* _Work task_
Scan the material below, then work out how many of its lines contain the word "Edition"; reply with that number only.

• • • •

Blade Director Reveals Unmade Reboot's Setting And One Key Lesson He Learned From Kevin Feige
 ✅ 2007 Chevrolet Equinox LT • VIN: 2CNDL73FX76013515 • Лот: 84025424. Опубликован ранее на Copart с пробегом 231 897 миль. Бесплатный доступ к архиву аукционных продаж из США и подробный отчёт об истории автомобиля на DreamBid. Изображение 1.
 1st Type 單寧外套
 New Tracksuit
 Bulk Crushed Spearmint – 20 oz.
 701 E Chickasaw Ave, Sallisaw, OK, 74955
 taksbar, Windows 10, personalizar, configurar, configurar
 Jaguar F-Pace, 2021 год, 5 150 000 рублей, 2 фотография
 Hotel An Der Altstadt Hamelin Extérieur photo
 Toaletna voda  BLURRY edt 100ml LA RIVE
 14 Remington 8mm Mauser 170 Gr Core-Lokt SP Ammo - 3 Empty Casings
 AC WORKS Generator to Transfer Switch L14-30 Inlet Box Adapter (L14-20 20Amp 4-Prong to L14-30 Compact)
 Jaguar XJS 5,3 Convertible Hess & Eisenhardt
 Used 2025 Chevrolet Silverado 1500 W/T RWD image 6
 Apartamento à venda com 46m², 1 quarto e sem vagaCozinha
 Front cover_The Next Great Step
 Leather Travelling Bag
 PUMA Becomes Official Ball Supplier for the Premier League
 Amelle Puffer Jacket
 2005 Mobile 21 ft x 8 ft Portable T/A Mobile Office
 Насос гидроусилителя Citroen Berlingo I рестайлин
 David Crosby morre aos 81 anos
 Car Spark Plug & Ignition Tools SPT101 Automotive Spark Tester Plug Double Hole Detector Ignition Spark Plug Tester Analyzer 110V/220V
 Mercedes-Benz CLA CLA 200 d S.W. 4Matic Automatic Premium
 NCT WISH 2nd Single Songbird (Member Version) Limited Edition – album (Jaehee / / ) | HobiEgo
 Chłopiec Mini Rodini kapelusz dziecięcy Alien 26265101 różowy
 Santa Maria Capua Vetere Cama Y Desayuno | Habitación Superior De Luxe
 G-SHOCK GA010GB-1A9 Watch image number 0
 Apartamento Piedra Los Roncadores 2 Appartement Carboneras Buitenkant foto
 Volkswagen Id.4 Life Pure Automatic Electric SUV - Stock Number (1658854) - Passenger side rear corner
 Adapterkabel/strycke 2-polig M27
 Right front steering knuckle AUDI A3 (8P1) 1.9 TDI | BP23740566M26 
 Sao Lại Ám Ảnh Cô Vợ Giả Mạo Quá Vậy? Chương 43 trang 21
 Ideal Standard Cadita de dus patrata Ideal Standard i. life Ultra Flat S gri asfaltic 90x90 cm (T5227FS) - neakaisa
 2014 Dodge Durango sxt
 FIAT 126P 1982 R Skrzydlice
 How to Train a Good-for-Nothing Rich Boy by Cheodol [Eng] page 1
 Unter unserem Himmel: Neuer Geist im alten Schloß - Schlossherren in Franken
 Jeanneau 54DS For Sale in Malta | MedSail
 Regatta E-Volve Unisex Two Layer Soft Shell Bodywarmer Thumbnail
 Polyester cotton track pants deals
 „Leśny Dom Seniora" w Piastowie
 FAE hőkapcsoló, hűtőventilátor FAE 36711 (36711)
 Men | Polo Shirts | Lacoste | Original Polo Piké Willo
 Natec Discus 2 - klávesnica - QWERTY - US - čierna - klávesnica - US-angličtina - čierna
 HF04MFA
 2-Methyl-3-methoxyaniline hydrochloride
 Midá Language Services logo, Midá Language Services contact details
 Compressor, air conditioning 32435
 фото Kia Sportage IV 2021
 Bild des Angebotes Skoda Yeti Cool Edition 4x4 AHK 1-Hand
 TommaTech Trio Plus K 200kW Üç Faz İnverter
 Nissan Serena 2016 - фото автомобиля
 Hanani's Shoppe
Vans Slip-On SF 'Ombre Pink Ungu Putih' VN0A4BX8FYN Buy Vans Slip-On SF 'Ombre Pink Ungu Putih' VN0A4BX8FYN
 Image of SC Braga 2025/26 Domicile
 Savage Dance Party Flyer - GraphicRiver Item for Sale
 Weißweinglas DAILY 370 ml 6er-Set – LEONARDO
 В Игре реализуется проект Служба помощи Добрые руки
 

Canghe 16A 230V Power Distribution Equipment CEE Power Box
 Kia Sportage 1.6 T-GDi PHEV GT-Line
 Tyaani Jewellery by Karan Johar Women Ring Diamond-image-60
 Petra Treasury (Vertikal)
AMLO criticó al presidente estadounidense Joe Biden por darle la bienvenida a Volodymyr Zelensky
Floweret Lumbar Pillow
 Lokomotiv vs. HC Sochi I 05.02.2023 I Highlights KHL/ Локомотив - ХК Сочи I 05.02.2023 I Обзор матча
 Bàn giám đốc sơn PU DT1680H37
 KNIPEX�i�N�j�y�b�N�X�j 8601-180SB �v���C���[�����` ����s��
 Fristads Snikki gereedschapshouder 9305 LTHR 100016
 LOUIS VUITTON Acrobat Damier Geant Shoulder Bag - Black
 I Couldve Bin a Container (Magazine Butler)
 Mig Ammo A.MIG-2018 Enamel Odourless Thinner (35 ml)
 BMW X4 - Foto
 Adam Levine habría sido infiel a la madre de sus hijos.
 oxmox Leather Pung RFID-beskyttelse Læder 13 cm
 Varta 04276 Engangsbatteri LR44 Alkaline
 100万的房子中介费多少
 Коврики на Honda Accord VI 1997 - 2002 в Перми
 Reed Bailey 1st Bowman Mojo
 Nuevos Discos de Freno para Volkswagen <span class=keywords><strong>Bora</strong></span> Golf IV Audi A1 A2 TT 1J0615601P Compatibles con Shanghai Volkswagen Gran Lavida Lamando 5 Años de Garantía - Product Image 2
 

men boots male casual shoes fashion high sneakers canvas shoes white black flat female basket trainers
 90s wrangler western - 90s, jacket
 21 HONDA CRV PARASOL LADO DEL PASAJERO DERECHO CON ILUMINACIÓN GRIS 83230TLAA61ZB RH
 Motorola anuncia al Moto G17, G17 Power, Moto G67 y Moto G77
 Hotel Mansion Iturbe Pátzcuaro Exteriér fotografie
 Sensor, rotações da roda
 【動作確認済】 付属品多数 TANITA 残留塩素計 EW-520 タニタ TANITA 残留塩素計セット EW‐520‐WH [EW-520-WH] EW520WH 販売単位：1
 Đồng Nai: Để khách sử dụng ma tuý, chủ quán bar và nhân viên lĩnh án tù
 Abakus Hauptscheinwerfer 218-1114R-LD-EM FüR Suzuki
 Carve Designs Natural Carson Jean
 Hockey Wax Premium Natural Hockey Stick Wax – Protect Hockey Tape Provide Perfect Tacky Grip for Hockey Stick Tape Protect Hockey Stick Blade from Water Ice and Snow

• • • •

* _Written solution_
2